For the good Americans there are commercial tie-ups with local businessmen, such as druggists who may feature a Mickey Mouse sundae, florists with Mickey Mouse bouquets, and so on; Parent-Teacher Associations are enlisted; the films at the matinees are swift-moving Westerns and other clean films, with a rather elaborate ritual of patriotism and good-fellowhip before and after.

It was reported that at the great Leipzig Trade Fair this year, forty percent of all the novelties offered were inspired by Mickey Mouse. One American company lists a velvet doll, a wood-jointed figure, a mechanical drummer, a metal sparkler, and half-a-dozen oter toys; there is a “Mickey Mouse Coloring Book” and another book of the adventures of Mickey Mouse; you can have Mickey Mouse on your writing paper; you can have him as a radiator cap. He appears in a comic strip in twenty-seven languages.
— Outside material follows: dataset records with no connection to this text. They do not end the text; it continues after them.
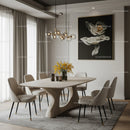 Elegant Modern Dining Room with Artistic Wall Art and Cozy Seating
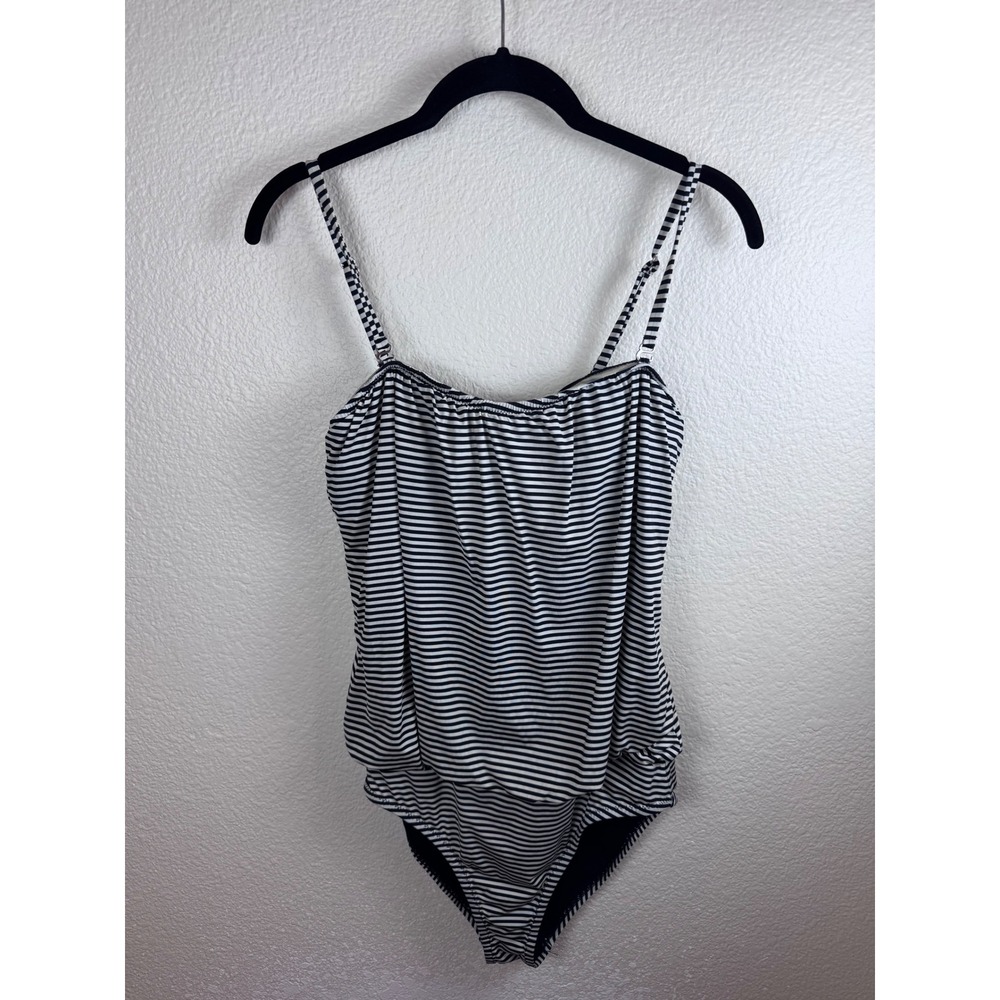 Garnet Hill One Piece Swimsuit Size 8 Striped Nautical‎ Minimalist Resort Breton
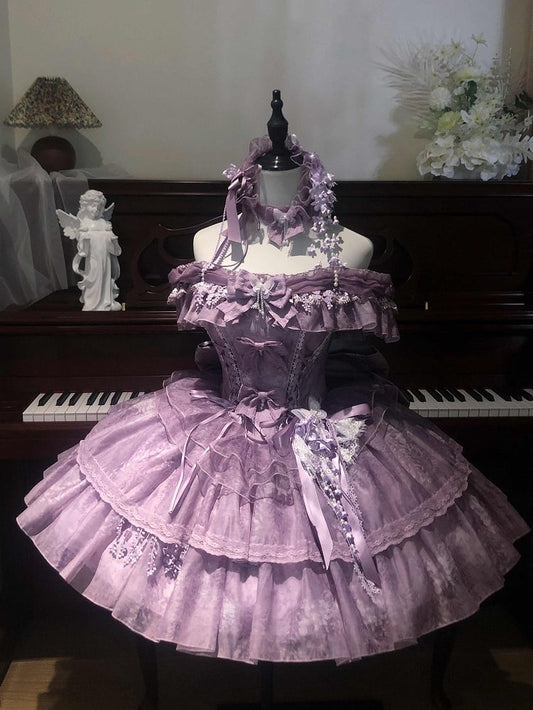 Fairy Lolita Waist Train Balletcore Dress Big Corset Wisteria Tulle Bow with Print Purple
From all of these exploitations, the originators receive royalties, since the own both the name and the design of the figure. (Infringements have been successfully prosecuted.) On the screen, Mickey Mouse appears in every country to which equipment for projecting sound films has penetrated. His name in Japan is Miki Kuchi.

Neither at homr nor abroad has Mickey’s career been without accidents. In Germany the appearance of an army of animals in Uhlan helmets was considered an affront, and the film was censored. In more dainty Ohio a cartoon was barred because a cow was discovered reading “Three Weeks.” Cows seem to have given more offence than any other beast in the Disney jungle, for many State Boards of Censorship protested against the grotesque and emotionally expressive udders which Nature and Disney gave them, and hereafter udders are to be at least partially concealed under a small provocative skirt. Disney himself is amused by the fuss; quite justifiably he takes it as a tribute to the remarkable reality of his totally unreal figure.

The process of creating this unreality begins in Disney’s mind. By this time it is only necessary for him to think of Mickey running to a fire, or Mickey skating; the rest is worked out in discussions with the artists and the gagmen. The automatic thing, the formula of the present, is the creative work of years ago, when Disney saw a series of pictures, saw moving forms across landscapes, rhythmic dances, compositions in black and white. These are still the essence of his pictures; his imagination is still largely visual. Only now that his assistants know the kind of picture he wants, his work has to he selecting the general idea, thinking out the tiny plot (even if it be only a modern version of “Little Red Riding Hood’* or a burlesque of some popular feature film), leaving the rest to experts.

I HAVE kept Mickey Mouse in the foreground because in general it is with Mickey that Disney is identified; but I belong to the heretical sect which considers the Silly Symphonies by far the greater of Disney’s products. Although there is a theme in each one, DISNEY’S IMAGINATION is freer to roam than it is in the more formal Mouse series. The Symphonies, moreover, are true sound pictures, without dialogue; the Mouse series has a tendency, lately, to run to verbal fun which is a little out of place.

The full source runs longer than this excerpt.